Go Green?
By Michael Heidt
Special to Virtueonline
www.virtueonline.org
Oct. 7, 2014
If you feel unsettled at the prospect of large groups of
privileged
people from the developed world spending vast sums of
money and fossil
fuel to listen to pep talks on climate change activism,
then prepare to
be dismayed.
The Episcopal Church just spent a whopping $500,000
flying its House of
Bishops to Taipei, for their fall meeting. To what end?
Expanding the
Apostolic Imagination, apparently, that being the theme
of the event.
But what does this mean?
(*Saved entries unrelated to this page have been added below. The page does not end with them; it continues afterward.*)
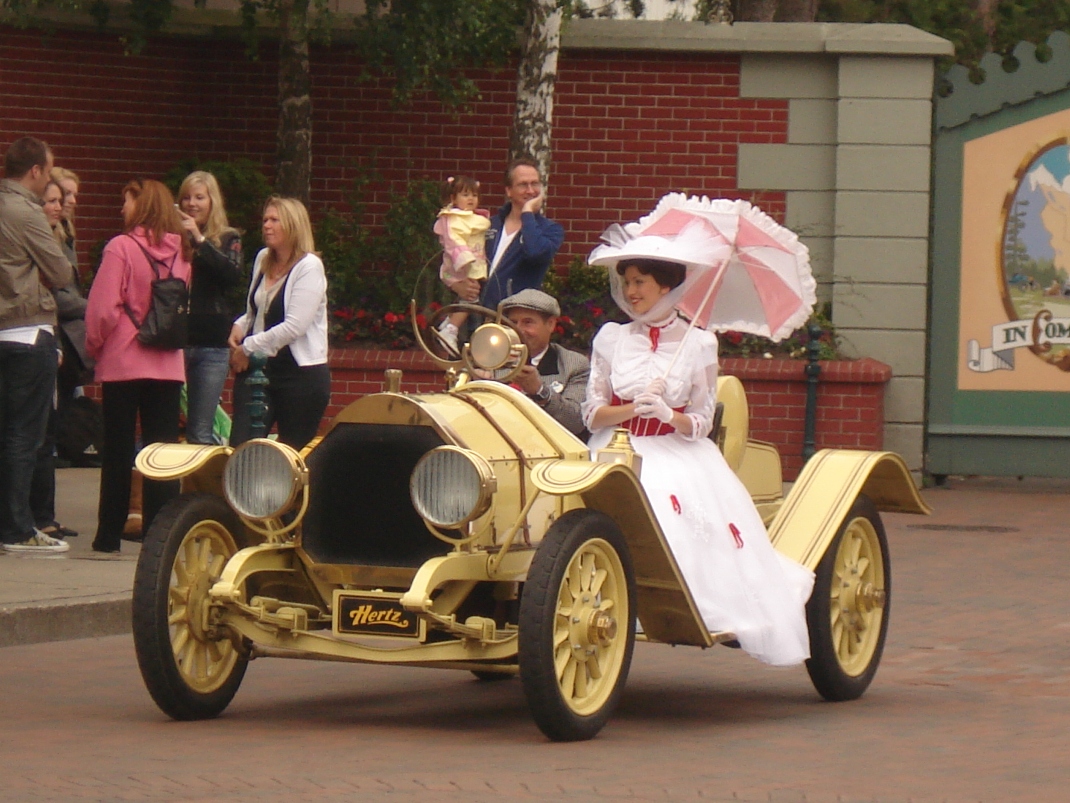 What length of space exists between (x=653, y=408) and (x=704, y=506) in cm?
37

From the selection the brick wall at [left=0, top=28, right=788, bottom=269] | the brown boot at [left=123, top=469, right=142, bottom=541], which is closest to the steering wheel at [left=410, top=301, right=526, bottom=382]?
the brown boot at [left=123, top=469, right=142, bottom=541]

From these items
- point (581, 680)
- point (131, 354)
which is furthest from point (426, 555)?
point (131, 354)

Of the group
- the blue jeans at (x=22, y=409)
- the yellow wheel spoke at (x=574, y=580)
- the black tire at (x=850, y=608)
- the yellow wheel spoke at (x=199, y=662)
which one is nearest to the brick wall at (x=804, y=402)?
the blue jeans at (x=22, y=409)

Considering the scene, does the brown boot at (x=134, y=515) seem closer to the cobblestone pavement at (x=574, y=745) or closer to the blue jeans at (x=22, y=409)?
the blue jeans at (x=22, y=409)

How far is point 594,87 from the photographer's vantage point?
16688 millimetres

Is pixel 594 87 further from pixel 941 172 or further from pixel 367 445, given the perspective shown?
pixel 367 445

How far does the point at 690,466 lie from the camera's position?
6.94 metres

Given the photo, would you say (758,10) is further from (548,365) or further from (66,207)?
(548,365)

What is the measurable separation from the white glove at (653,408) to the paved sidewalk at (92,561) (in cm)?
297

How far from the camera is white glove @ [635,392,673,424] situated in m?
6.91

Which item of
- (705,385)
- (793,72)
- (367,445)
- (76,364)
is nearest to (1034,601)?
(705,385)

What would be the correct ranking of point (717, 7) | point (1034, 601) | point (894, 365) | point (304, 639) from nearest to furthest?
point (304, 639) < point (1034, 601) < point (894, 365) < point (717, 7)

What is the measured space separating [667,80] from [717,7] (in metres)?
3.04

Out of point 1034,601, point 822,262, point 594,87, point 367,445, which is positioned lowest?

If the Episcopal Church's
Leaderene, Presiding
Bishop Katherine Jefferts Schori, is anything to go by,
it's code for
being "green." Here's an excerpt from her September
17 sermon to the
assembled prelates. Following an introduction about the
life of St.
Hildegard von Bingen, from whom she gets the word
viriditas (greenness),
Schori goes on to ask:
"Where do you meet viriditas? Where is joy and
wonder in the world
around you? What creative ferment engages and transforms
you? All are
signs of expanding possibility, divine creativity, and
new green shoots
emerging."
Then, after referencing Sirach and the Psalmist, Schori
goes on to
enlist St. John the Evangelist in the climate change
movement, and even
Christ himself gets a mention (it's the one time he's
named in the
sermon) -- as the "green man" of pagan myth.
Remarkable:
"John's gospel speaks of those who love darkness as
those who refuse the
encounter with God's creative, greening Word. Those who
do what is true,
he says, are those who are willing to live in that fiery
light that
burns and transforms like a laser -- perhaps a green
laser that
enlightens or heals. The light has come into the world
for life. The
Celts and others often imaged Christ as the green man --
the life-giver
-- the way, the truth, and the life."
The Lindisfarne monks and their co-religionists saw
Christ as the green
man? The same nature spirit that Saint Rabanus Maurus
described as
demonic in the 8th century? Who knew? And it's more than
a little
worrying to note that Global Warming skeptics find
themselves on the
wrong side of St. John. But the Presiding Bishop isn't
finished
expanding the apostolic imagination of her bishops with
the virtues of
viriditas.
"This Episcopal Church is in the throes of creative
ferment, yearning to
find a new congruence that will discover emerging life in
new soil, and
refreshed growth in the plantings of former years. Our
gathering here
will offer opportunities to learn of greenness in
different pastures,
and God willing, transform us to discover abundance and
possibility in
more familiar ones."
Creative ferment? An interesting way to describe the
interior workings
of a small and declining denomination that's reinvented
itself as an
LGBTQ advocacy group with a sideline in aggressive
litigation. But
still, Jefferts Schori isn't above a "call to
action," green action, of
course.
"Viriditas begins in wonder, and emerges to motivate
constructive,
healing connection between air and ocean, carbon and
crops, hunger and
floods, Ebola and economic inequality. Bishop Michael
Baroi of
Bangladesh challenged the bishops of this Church to find
that connection
when we gathered in Puerto Rico in 2003. He told of
flooding on his
coastal plains, and cried, 'save us from these curses!'
He might as well
have said, 'show forth greenness.'"
She concludes by describing Saint Paul's viridic power as
evidenced in
the Apostle's Epistle to the Colossians. He's part of the
green movement
too, along with Sirach, the Psalmist, St. John and Jesus
himself.
"As Colossians puts it, be at peace, let the
creative word of God take
root within you and bear new branches, discover viriditas
and truth, and
be not afraid. New life is springing forth -- be thankful
-- and pray
for the gift of joy and wonder in God's good, green,
creative
possibility."
And there you have it. In the whole address the word
"green" appears 13
times, almost rivaling the word "the." The word
"Christ" appears once,
in an astonishing sentence equating him with the
"green man" of pagan
legend, and the word "salvation" appears not at
all. We could perhaps be
forgiven for wondering if the whole thing was written by
a U.N.
apparatchik, rather than a Christian. But that aside,
there is an irony
in the Presiding Bishop's idea of what it means to expand
the apostolic
imagination. I hope, for her sake, that it's unconscious.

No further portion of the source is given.